In the event that a university moves all classes online mid-semester, Cutrell said students can either fly home, continue their coursework in their home countries and maintain their visa status, or transfer to an institution offering face-to-face classes this fall.

Asked why ICE declined to continue the exemption it permitted last spring, Cutrell said the latest guidance offers as much flexibility as possible while maintaining the government’s oversight of national security.

“There are still significant accommodations being made,” she said.

Blank doesn’t see it that way. She said in a statement that the rule “creates confusion and uncertainty” at a time when universities seek flexibility and international students need support.

UW-Madison is in contact with Wisconsin’s members of Congress and also working with national organizations, such as the Association of Public and Land-grant Universities and the Association of American Universities, to amend the rule or halt it from taking effect, she said.

“These students are valued members of our community, and we will continue to support and advocate for them,” Blank said.

Held ‘hostage’

UW-Madison educational policy studies professor Ran Liu views ICE’s guidance as a way of obligating universities to reopen.

Ran Liu


“The U.S. government is holding international students hostage and trying to force universities to open this fall,” she said. “It’s extremely irresponsible and risking everyone’s lives — faculty, local students, international students — by trying to make it look like everything is under control and normal but it’s not.”

Liu, who was an international student herself before joining UW-Madison’s faculty in January, said the rule adds to the hardships that the pandemic has created for this group of students, who are already a more vulnerable population.

Some students have faced travel barriers, such as limited and expensive flight options or re-entry restrictions.

Others find themselves stuck in a bureaucratic battle, with some new students unable to obtain their visas because the U.S. consulates in their countries are closed, with little indication the offices will reopen in time for the start of the semester.
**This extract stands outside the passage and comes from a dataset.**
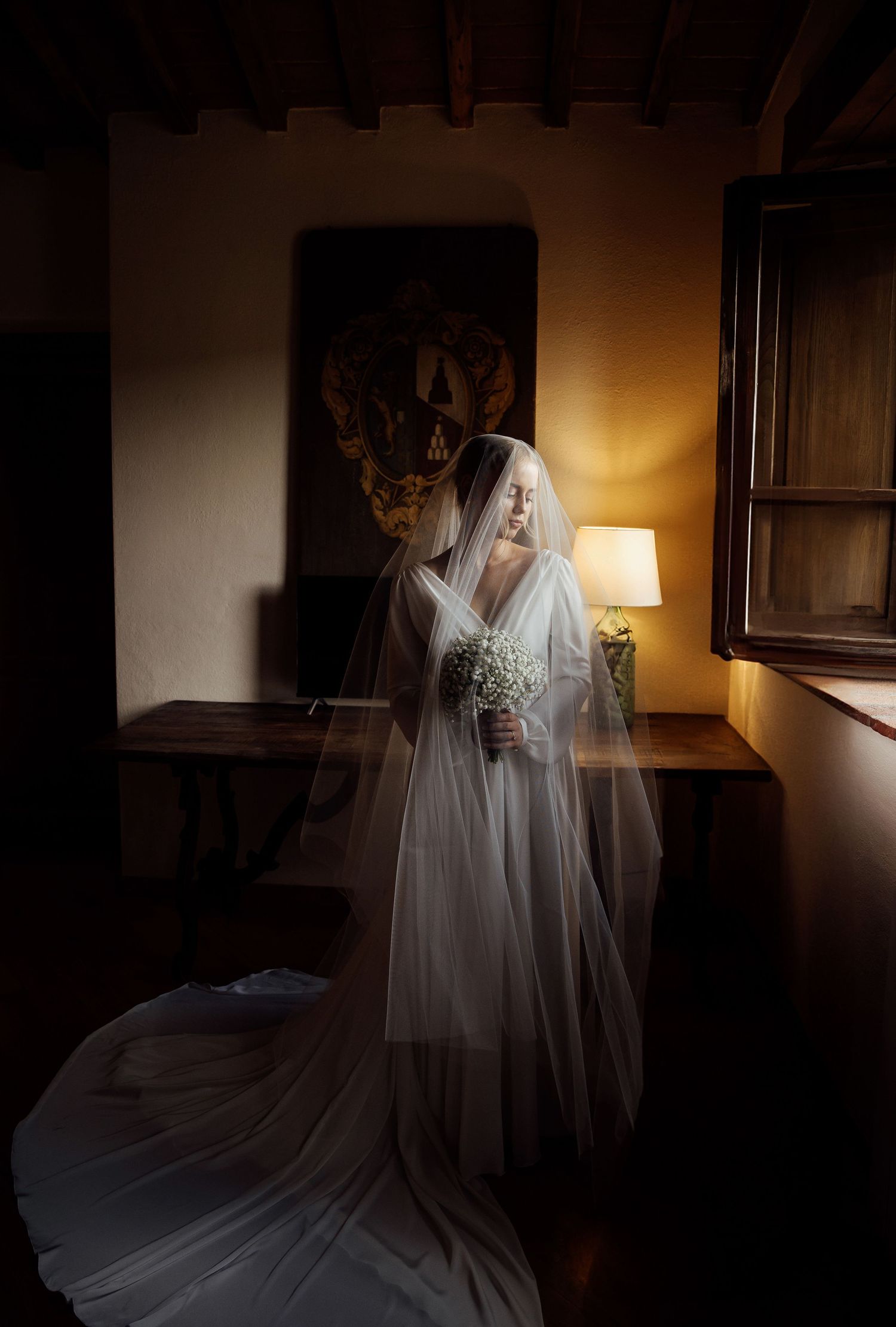 A bride in a flowing white wedding gown and long veil stands in a dimly lit room with warm lighting.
Some continuing students who traveled home earlier this year find themselves in a similar situation, stuck halfway across the world without a way to return to campus because they cannot renew their visas.
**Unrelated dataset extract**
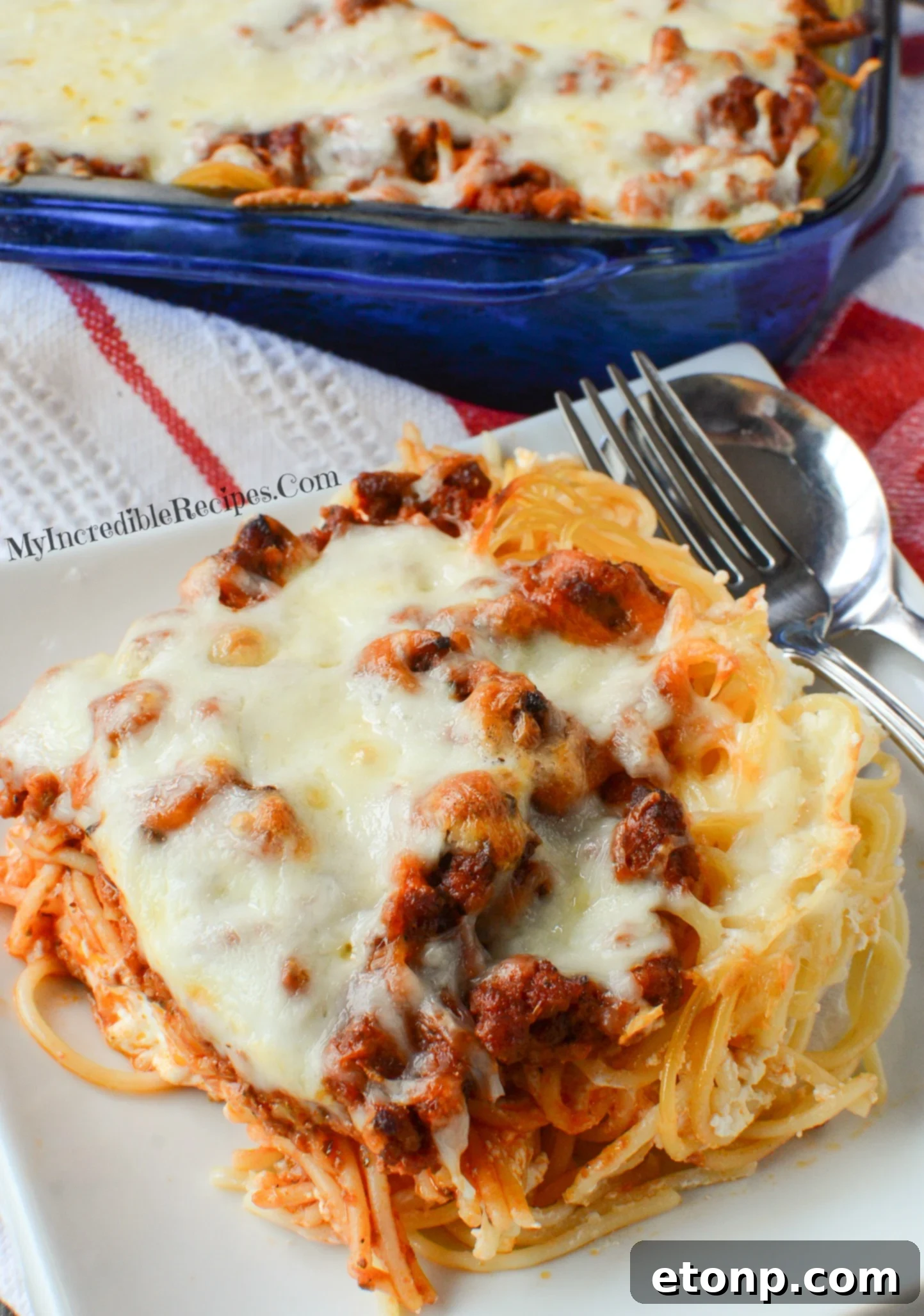 Crown Jewel Spaghetti 11 Million Dollar Spaghetti casserole topped with cheese and ready for baking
ICE’s guidance creates a Catch-22 for institutions, Liu said, essentially forcing them to choose between international students currently in the U.S. and those in their home countries.

Universities that want to keep the students who are unable to return to campus enrolled must offer all of their classes online, according to the guidance. But moving to an entirely remote operation forces students still on campus to leave.

“Everyone is really panicking,” Liu said. “Students need to make decisions very soon. It’s already July.”